What the exercise asks
From the material below, set down exactly the lines that run from the one containing "Country Dining Room With Wood Table" to the one containing "STRUKTURIERTES OBERTEIL MIT LOCHSTRICKMUSTER", minus the pictures.

───── Given data

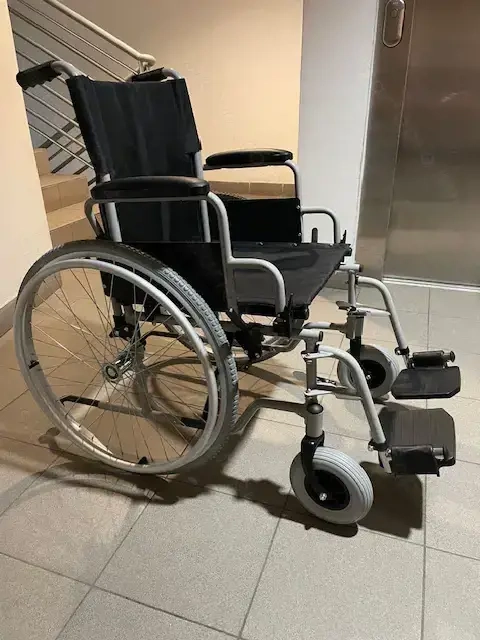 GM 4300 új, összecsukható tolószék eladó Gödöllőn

──────────
───── Given data

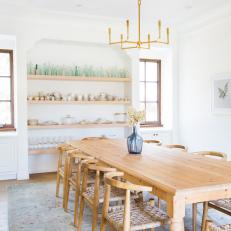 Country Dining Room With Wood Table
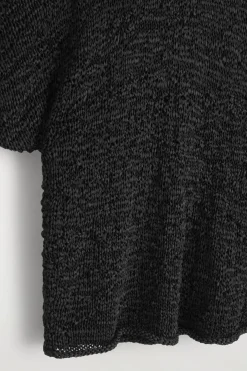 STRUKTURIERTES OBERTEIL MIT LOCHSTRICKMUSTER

──────────

Exercise result
 Country Dining Room With Wood Table
 STRUKTURIERTES OBERTEIL MIT LOCHSTRICKMUSTER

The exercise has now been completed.